My mother of six children was fortunate to have a little garden that aided her in cooking mouth watering delicacies to put on the dining table. Two very old bimbli trees grew, on either side of the house. These were short trees with numerous branches. The tree has compound leaves, with tiny leaflets growing on a long spine.
Bimbli produces beautiful, tiny, pink flowers which have a tangy taste. When they turn into tiny fruits, they too taste terrific. The acidic taste that spreads in the mouth made me pause and savour the flavour. The berry then matured and grew up to the size of the middle finger. When ripened they tasted good too.
Since there were no bimbli trees in the neighbourhood, our bimblis were in hot demand. Though prawn curry is an all time favourite, garnishing it with the bimbli enhanced the taste by several notches and had one lick the fingers after finishing the meal. They were cut vertically into as many sections as feasible and and tossed onto the prawn curry. I remember preferring the bimbli slices to the prawns and not a single grain of rice was left behind on the plate. Bimbi were also used to prepare a super pickle – balchão – which also used dried prawn powder a major ingredient and the combination was simply terrific!
Sollantulem is a very local pork delicacy named after Bindachim sollam (kokum peels) that are a zingy seasoning used to render a specific sourness. Not found on most hotel menus, Sollantulem is a well-guarded secret preparation found occasionally on the Goan dining table.
Red kokum berries dot kokum trees found in hilly areas as well as plains. The kokum berries are plucked and peeled. The seeds are dried and the oil extracted – bindel – is also used for a variety of purposes.
The peels are processed and dried before being sold in the markets, in demand for the unique flavour it rends to mackerel and sardine curries besides the uniquely Goan amot-tik (sour & spicy) curry. The sol-kody, an exotic digestive drink served after a meal is also prepared using the juice of the kokum berry. Unfortunately, the once commonly found kokum trees are now a rarity as not many farmers grow this tree.
Tamarind is the most commonly used souring agent in Goa. Tamarind trees which grow tall and thick and outlast the life span of a human once thrived all over Goa. Till today one comes across wards and hamlets that are named after the tamarind tree, but unfortunately the trees are on a decline with hardly anybody planting one.
In the blazing summer if one walks in the shade of a chinch – tamarind tree – one is sure to find chinché botam – tamarind pods lying on the ground. The pods actually resemble fingers and hence the name. Whether raw or ripe, these are quickly picked and nibbled – the temptation is irresistible. If raw they taste very tangy. If ripe the taste is sweet and sour. The seed can be roasted and crunched.

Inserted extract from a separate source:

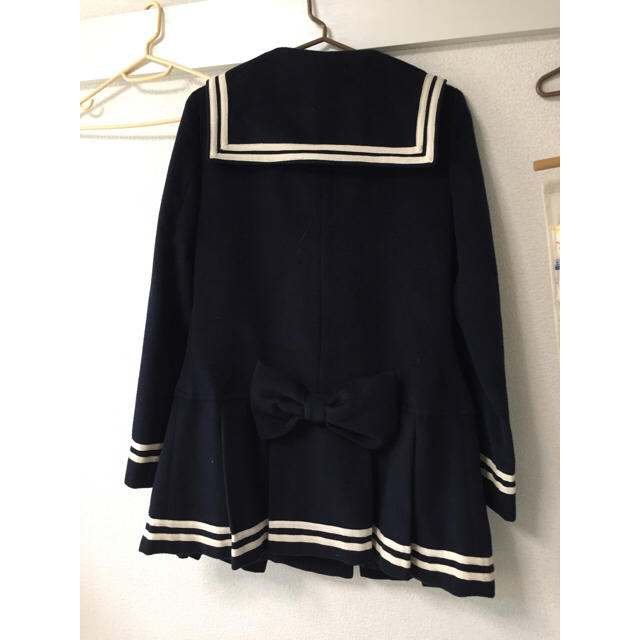 セーラー服ぽいコート 背中にかわいいリボン付きの通販 By こけっくま S Shop ラクマ セーラー服ぽいコート 背中にかわいいリボン付きの通販 By こけっくま S Shop ラクマ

The pods are shaken off the tree with a large pole and collected and dried. The hard shell is then flaked off along with the seed and other fibrous matter. The resultant tamarind is then dried and salted and make into balls to be stored for future uses as it lasts the whole year.
Another souring fruit which is popular among the forest dwellers is the otamb. These trees grow abundantly in the forests. The locals simply pluck the fruit when raw and after slicing and drying store it to flavour their food.
Most of us remember golden mango for the sweet taste that makes the hot summer season bearable. But then there are many trees that produce sour mangoes and therefore not edible. These mangoes are plucked when raw and cut into slices.
Even the seed is saved and the lot salted and dried. Fresh slices of these raw mangoes are used to prepare the amto – a prawn curry that is simply irresistible. When dried, the ambea sollam can swing a mundane meal of dry prawn curry towards an unforgettable feast!